Exercise> Output the data unchanged and complete, minus the images.

The input>
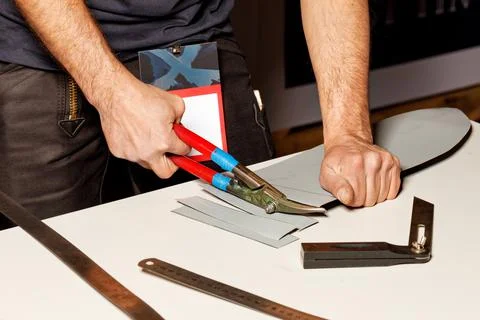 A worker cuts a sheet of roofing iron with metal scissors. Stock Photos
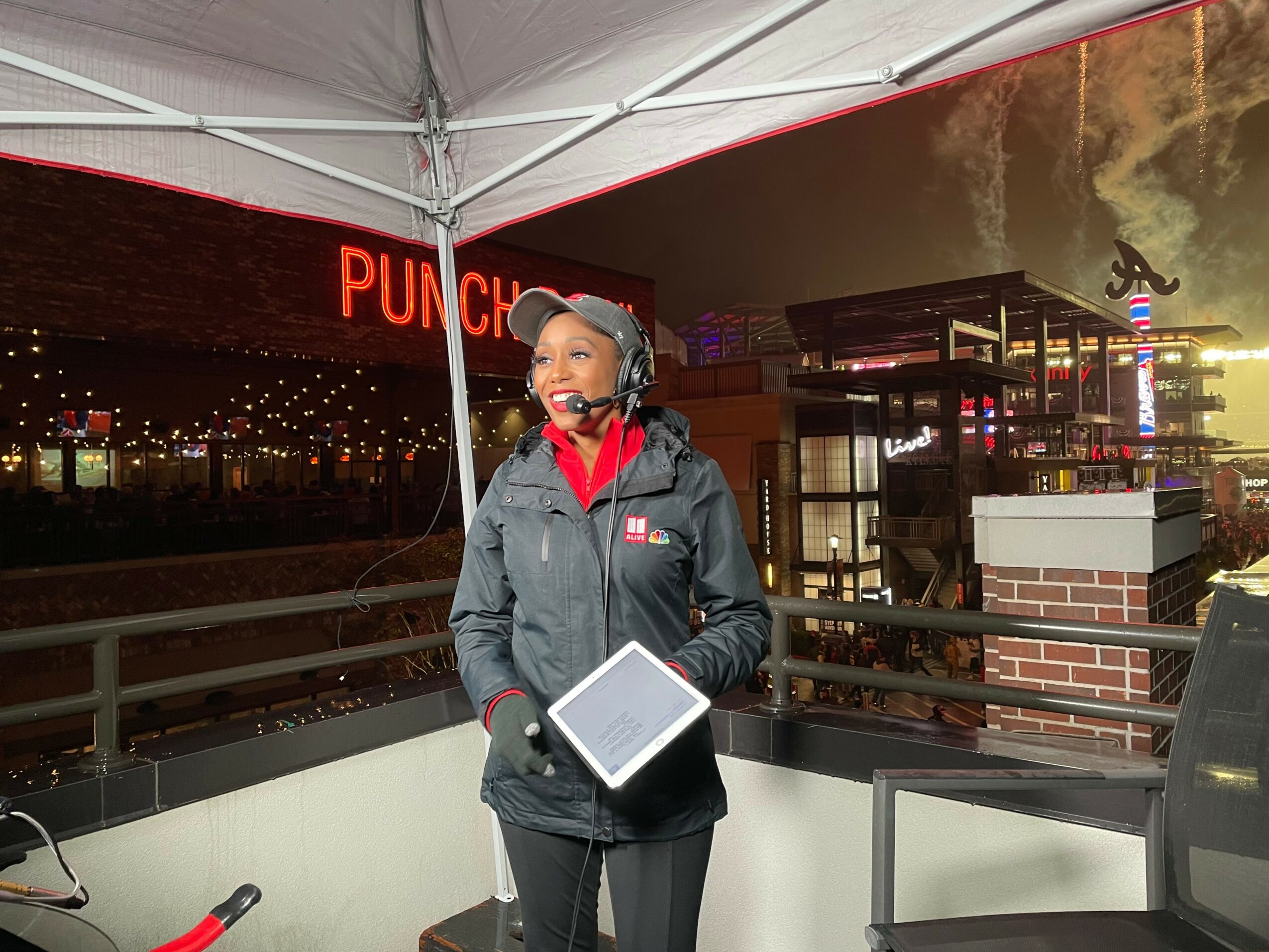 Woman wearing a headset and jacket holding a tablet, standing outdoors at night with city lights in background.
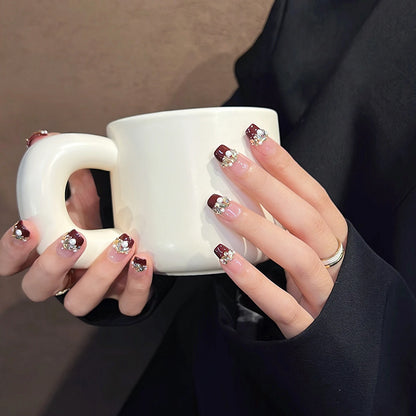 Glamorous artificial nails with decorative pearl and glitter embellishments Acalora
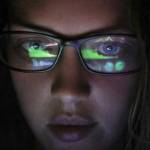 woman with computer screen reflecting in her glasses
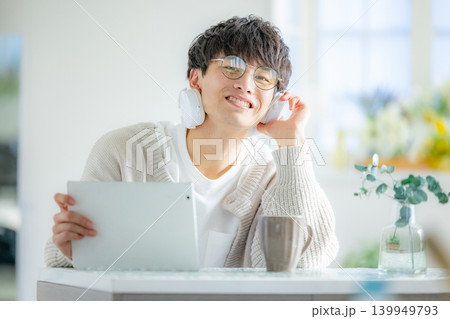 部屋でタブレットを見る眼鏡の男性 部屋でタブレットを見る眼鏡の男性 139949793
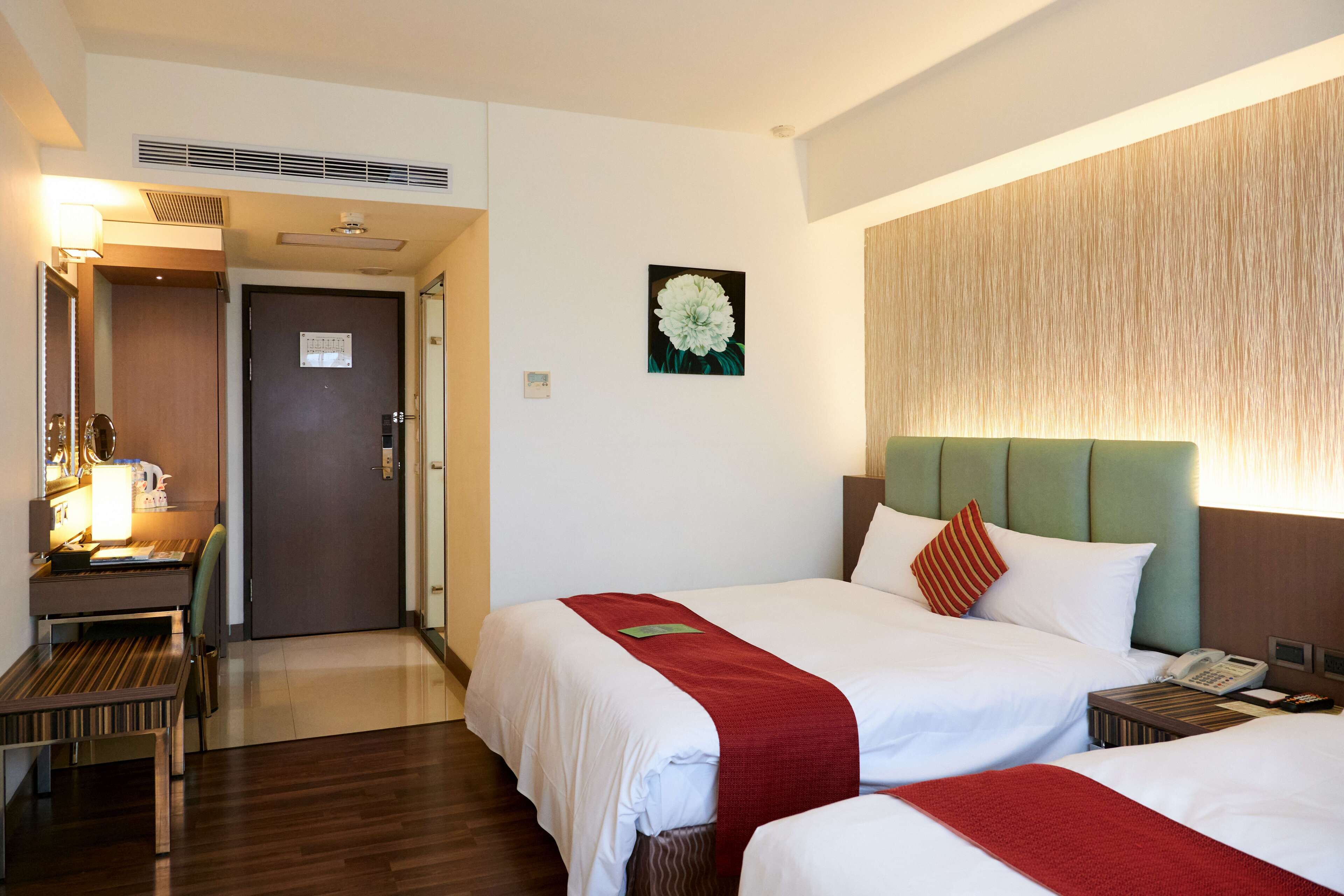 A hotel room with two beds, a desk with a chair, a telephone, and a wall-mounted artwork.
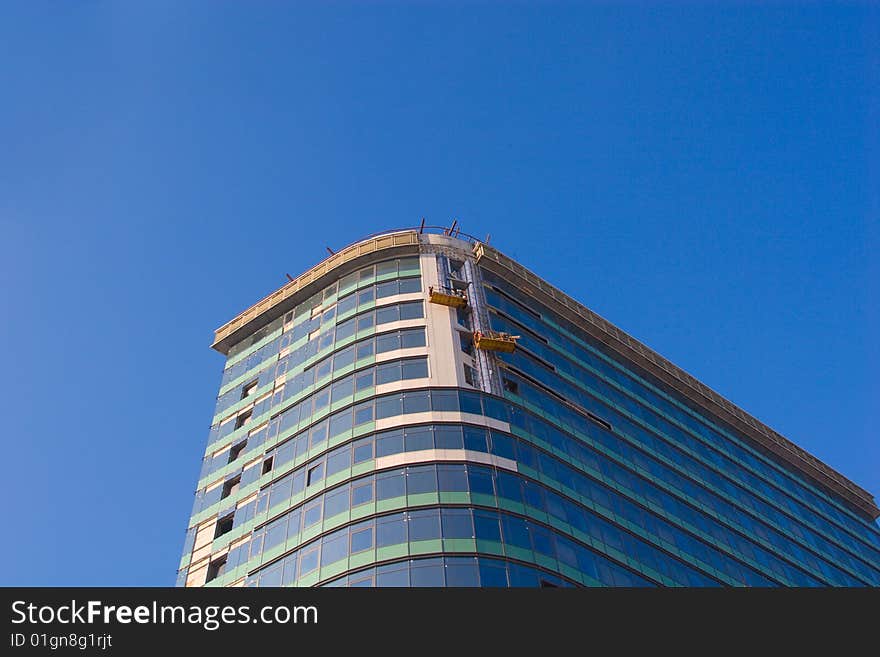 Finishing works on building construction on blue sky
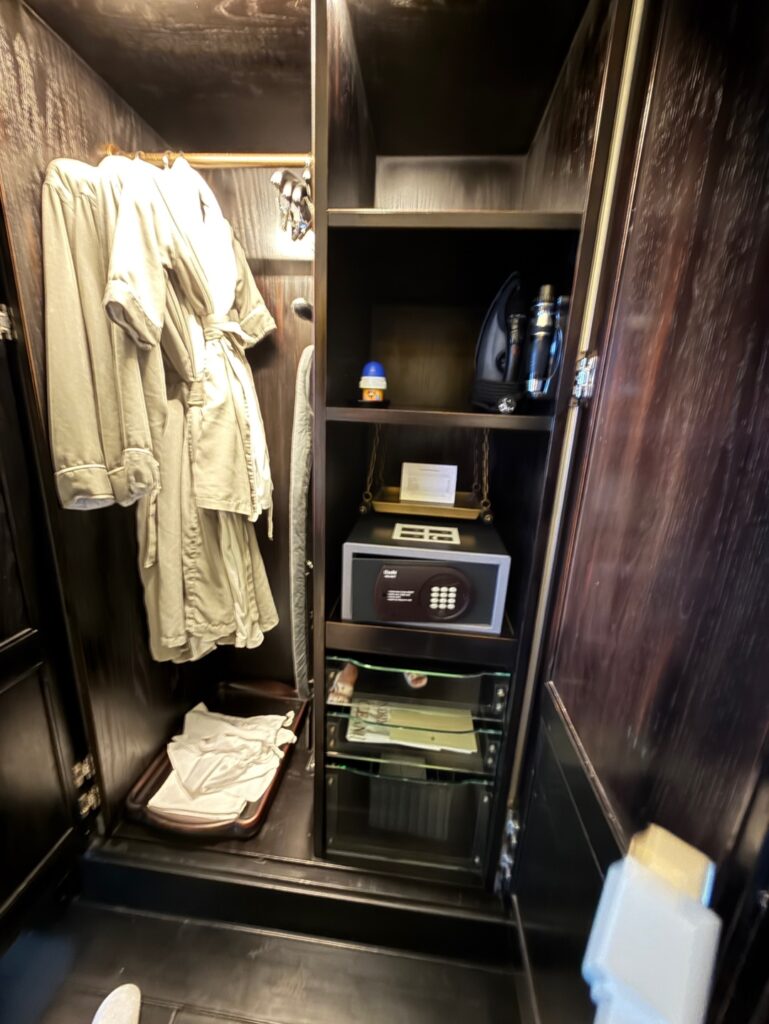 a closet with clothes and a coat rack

Answer>
 A worker cuts a sheet of roofing iron with metal scissors. Stock Photos
 Woman wearing a headset and jacket holding a tablet, standing outdoors at night with city lights in background.
 Glamorous artificial nails with decorative pearl and glitter embellishments Acalora
 woman with computer screen reflecting in her glasses
 部屋でタブレットを見る眼鏡の男性 部屋でタブレットを見る眼鏡の男性 139949793
 A hotel room with two beds, a desk with a chair, a telephone, and a wall-mounted artwork.
 Finishing works on building construction on blue sky
 a closet with clothes and a coat rack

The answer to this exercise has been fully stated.